What you are asked to do = Quote exactly and only this range of lines in the data below: the line that holds "Good morning everybody." to the line that holds "Welcome to setting", both included.
START Data extracts
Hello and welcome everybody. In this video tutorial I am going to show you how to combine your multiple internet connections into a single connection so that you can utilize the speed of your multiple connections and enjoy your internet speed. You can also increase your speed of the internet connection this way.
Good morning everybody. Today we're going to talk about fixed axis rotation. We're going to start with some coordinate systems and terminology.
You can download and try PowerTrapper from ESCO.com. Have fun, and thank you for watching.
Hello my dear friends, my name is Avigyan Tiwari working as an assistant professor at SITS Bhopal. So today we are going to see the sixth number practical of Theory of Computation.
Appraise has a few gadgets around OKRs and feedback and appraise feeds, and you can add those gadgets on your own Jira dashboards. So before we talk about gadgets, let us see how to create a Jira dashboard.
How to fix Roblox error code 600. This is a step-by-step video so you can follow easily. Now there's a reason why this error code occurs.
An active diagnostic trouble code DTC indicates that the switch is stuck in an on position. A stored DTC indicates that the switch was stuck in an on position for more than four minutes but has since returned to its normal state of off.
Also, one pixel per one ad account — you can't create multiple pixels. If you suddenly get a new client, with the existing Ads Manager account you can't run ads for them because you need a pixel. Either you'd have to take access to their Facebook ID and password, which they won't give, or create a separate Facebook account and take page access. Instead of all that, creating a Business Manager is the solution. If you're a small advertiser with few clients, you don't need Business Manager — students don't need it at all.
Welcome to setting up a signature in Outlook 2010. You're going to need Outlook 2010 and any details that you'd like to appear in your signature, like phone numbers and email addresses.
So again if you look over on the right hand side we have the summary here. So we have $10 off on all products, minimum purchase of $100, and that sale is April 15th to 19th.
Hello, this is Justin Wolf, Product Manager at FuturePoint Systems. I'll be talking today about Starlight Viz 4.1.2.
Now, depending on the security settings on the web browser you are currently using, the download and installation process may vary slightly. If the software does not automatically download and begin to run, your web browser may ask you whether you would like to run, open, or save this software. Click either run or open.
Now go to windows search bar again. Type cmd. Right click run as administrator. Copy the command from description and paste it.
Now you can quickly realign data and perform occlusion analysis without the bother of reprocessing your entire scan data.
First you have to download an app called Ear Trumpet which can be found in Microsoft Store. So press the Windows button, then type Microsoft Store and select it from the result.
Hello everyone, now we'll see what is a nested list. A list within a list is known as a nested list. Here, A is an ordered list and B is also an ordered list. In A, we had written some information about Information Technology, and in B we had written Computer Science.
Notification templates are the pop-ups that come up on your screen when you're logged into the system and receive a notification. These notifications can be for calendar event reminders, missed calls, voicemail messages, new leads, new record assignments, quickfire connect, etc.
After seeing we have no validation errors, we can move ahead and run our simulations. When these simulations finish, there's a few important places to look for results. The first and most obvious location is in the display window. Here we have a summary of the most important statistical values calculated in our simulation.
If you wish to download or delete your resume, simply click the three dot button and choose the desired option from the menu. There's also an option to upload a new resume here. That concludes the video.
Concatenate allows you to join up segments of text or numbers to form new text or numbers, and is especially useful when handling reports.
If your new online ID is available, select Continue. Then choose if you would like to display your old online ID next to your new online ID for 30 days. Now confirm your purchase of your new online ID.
END Data extracts
Answer to this exercise =
Good morning everybody. Today we're going to talk about fixed axis rotation. We're going to start with some coordinate systems and terminology.
You can download and try PowerTrapper from ESCO.com. Have fun, and thank you for watching.
Hello my dear friends, my name is Avigyan Tiwari working as an assistant professor at SITS Bhopal. So today we are going to see the sixth number practical of Theory of Computation.
Appraise has a few gadgets around OKRs and feedback and appraise feeds, and you can add those gadgets on your own Jira dashboards. So before we talk about gadgets, let us see how to create a Jira dashboard.
How to fix Roblox error code 600. This is a step-by-step video so you can follow easily. Now there's a reason why this error code occurs.
An active diagnostic trouble code DTC indicates that the switch is stuck in an on position. A stored DTC indicates that the switch was stuck in an on position for more than four minutes but has since returned to its normal state of off.
Also, one pixel per one ad account — you can't create multiple pixels. If you suddenly get a new client, with the existing Ads Manager account you can't run ads for them because you need a pixel. Either you'd have to take access to their Facebook ID and password, which they won't give, or create a separate Facebook account and take page access. Instead of all that, creating a Business Manager is the solution. If you're a small advertiser with few clients, you don't need Business Manager — students don't need it at all.
Welcome to setting up a signature in Outlook 2010. You're going to need Outlook 2010 and any details that you'd like to appear in your signature, like phone numbers and email addresses.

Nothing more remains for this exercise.